The REST model of UDDI described in this paper is
very similar to what the eCo framework defined a few years back:
http://eco.commerce.net/
If that's a "second generation" web service, I guess they were ahead of their time :-)

"Hiding" URIs
2002-02-10 09:12:15 Marcus Groeber [Reply]

There is only sentence I would like to pick a nit with in this otherwise very insightful article: <<< It is easy to hide objects by merely never publishing their URIs. >>>

Many people had to learn the hard way that this is *not* a good way for hiding objects, after their "secret" internal web page suddenly appeared in a Referer header on some other site they link to, then found its way into a publicly available logfile and eventually ended up being crawled by every search engine possible...

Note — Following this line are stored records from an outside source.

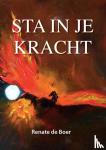 Boer, Renate de - Sta in je kracht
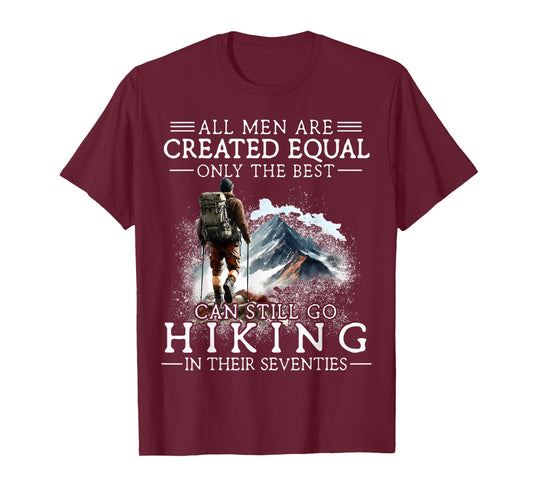 Best Men Still Go Hiking in Their Seventies Gifts 70th Birth T-Shirt
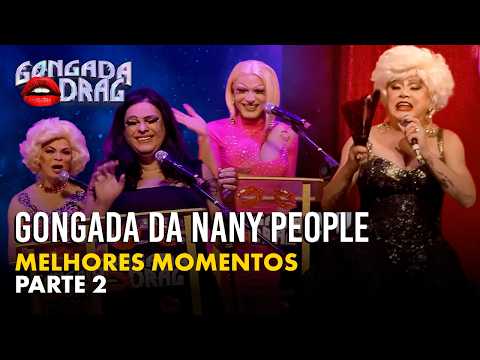 Gongada Drag Nany People (Pt 2) ft. Fernando Pedrosa Frimes Salete Thalia Bombinha Marcia Pantera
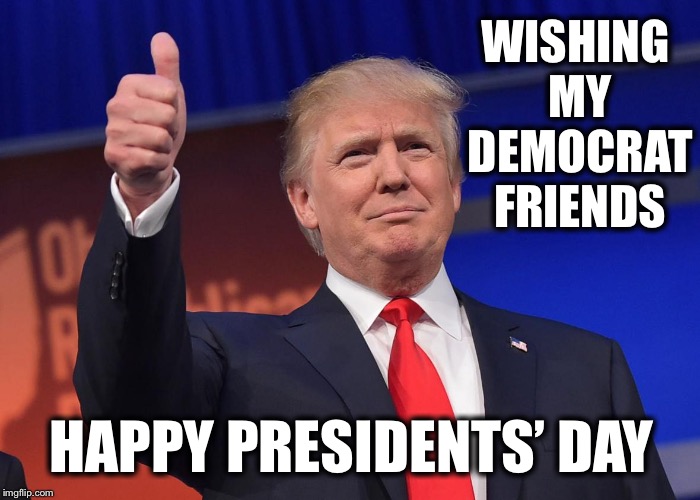 He’s still your president! | WISHING MY DEMOCRAT FRIENDS; HAPPY PRESIDENTS’ DAY | image tagged in donald trump,presidents day | made w/ Imgflip meme maker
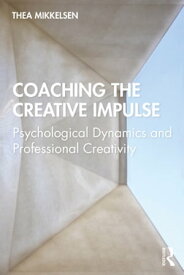 Coaching the Creative Impulse Psychological Dynamics and Professional Creativity【電子書籍】[ Thea Mikkelsen ]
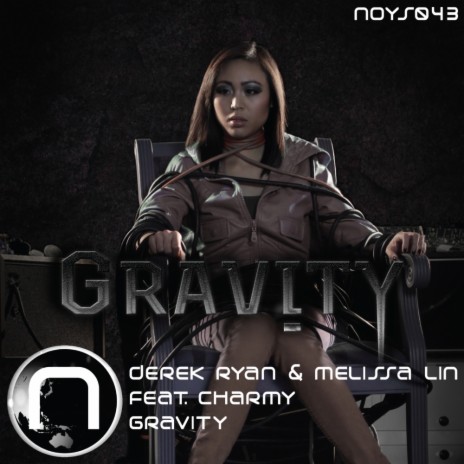 Gravity (Radio Edit) ft. Melissa Lin & Charmy | Boomplay Music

This does not not invalidate the basic idea that all the security infrastructure developed for HTTP can be easily adopted for web services - but the problem doesn't simply go away all by itself...

solve some, but not all problems
2002-02-08 06:40:09 Ben Hui [Reply]

this article did layout the problem correctly (SOAP being a RPC based technology). the URI-centric approach is the right direction, but I feel that the author get a little off topic on the second half of the article. the real problem is "we can reference a piece of data in a very decouple, yet flexible way. but now what? how do we operate? how do we use it?" the basic theory is "when we find, we want to decouple it, but when we use, we want to integrate it" it is the integration that make SOAP (and other RPC tech) so weak as a web technology because both side must agree on something to use the data. this agreement range from message format, message meaning, API, technology, to work flow.

bottom line: we also need to ground-breaking architecture for web services integration

ben

Good to see recognition of REST
2002-02-08 06:28:45 Ian Fairman [Reply]

Three years ago, after reading about XML, XSLT,
XLink etc. I had similar sorts of ideas. Since
then I've been working with J2EE and EJB and it's
good to contrast to two. Fundamentally REST is
a declarative model and distributed objects are
procedural. REST is relatively simple, distributed
object require complex application servers (if
you want to do them right).

In my work I can't imagine a customer asking for
a REST solution, simply because everyone likes
to think their problems are so complex that they
need the heavy engineering a distributed object
solution provides. Coming from the other direction
I don't think many software architects would
suggest a REST solution because it's declarative
and doesn't fit in with the way they like to
think.

Don't get me wrong: I think a REST solution will
be better in most cases. Even when object
technology is needed it might be best limited
to individual nodes in the system. I'd bet that
many REST solutions in corporate settings are
the result of skunk projects where people can
get things done without asking for approval.

SOAP/WSDL/UDDI are a step in the right direction
with regards to commodotizing object technology
and encouraging interoperability, but the whole
name "web services" is slightly dishonest when
really SOAP is CORBA by another name.